Posts Tagged ‘National Forests

“This is a cardboard universe”*…

Tina Zimmermann, Amazon Tsunami, installation at the European Cultural Center Venice, April-November 2022, Palazzo Mora, Venice, Italy. [Courtesy of the artist]

As we rid ourselves of the detritus of the Holiday season, let us pause to consider its signature component: at the turn of the 21st century, corrugated cardboard accounted for just fifteen percent of the United States recycling stream; today, it’s nearly half. Shannon Mattern on the cardboard box…

… As historian Maria Rentetzi writes (“Cardboard Box: The Politics of Materiality,” in Boxes: A Field Guide), “the cardboard box — the waste of our commercial world — is recycled in such a way as to make visible the disorder in our societies, the faults of capitalism.” It is an abject object that touches all parts of the city, from the granite kitchen island to the sewer grate. And for many of us, the cardboard box is our closest touchpoint to globalized trade, structuring our relations with people in distant places. It brings the logistics chain to our doorstep. The magnificently ripped metal freight container may get the Economist cover shot, but the plain brown box delivers messages to our homes. Its very existence in our homes, Marshall McLuhan would say, is the message. In the immortal words of Walter Paepcke, founder of the Container Corporation of America, “packages are not just commodities; they are communications.”

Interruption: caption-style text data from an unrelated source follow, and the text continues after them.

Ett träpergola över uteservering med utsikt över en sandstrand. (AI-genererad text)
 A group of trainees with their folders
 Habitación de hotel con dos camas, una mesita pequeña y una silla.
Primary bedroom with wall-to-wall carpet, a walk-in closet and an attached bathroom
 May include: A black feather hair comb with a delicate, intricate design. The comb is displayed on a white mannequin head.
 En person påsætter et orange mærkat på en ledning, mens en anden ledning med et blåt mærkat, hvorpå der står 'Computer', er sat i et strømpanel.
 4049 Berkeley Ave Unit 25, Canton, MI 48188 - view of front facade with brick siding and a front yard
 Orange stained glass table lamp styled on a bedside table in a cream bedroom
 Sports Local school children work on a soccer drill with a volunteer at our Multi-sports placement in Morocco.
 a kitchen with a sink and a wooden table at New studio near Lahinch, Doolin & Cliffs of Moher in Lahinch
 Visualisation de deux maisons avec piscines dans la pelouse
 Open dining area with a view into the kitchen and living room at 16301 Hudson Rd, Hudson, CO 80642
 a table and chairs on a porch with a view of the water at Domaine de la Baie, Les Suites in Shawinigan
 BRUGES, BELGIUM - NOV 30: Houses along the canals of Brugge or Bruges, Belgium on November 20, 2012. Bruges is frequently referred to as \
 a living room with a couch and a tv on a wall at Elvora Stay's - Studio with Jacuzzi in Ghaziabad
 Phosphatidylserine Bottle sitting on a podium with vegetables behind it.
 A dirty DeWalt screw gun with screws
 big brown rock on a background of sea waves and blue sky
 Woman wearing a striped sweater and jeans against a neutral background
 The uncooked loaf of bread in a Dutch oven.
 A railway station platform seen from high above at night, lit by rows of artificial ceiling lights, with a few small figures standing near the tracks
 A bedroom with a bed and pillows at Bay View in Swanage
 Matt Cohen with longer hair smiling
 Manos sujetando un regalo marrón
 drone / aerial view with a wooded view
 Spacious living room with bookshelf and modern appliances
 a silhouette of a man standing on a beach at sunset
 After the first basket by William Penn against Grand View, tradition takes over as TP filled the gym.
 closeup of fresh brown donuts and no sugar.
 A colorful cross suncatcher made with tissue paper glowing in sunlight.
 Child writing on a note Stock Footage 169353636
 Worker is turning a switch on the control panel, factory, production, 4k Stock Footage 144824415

Let’s unpack that, shall we? Boxes are media in multiple senses of the word. They’re lithographed surfaces designed to be read, and they’re dimensional containers that mediate between outside and inside worlds. They’re “media of transport and information, shapers of public opinion and consumer desire, and means of targeting attention.” And they’re “logistical media” that “arrange people and property into time and space,” that “coordinate and control the movement of labor, people, and things situated along and within global supply chains.” The cardboard box is a minimalist form with maximalist ambitions, an arboreal apparatus made from one of the world’s most abundant renewable resources, then filled with plastic and moved around by copious quantities of oil. It doesn’t just coordinate and control landscapes; it transforms them.

Cardboard’s ubiquity rests on simple claims: I can hold that, and I can go there. The Container Corporation of America was founded in 1926, and upon those claims it built an empire with surprising reach. The CCA made collapsible shipping boxes, and it transformed packaging into a science and an art. It advanced market research, shaped mid-century taste, and altered the chromatic universe through color standards. It employed some of the best graphic designers of the period, and as national borders shifted after the Second World War, it commissioned Herbert Bayer, author of the Universal typeface, to revise the World Geo-Graphic Atlas. Even then, the CCA was remaking that new world to meet its logistical needs, rehabbing mining towns and germinating forests, and orchestrating civic discourse about all of this.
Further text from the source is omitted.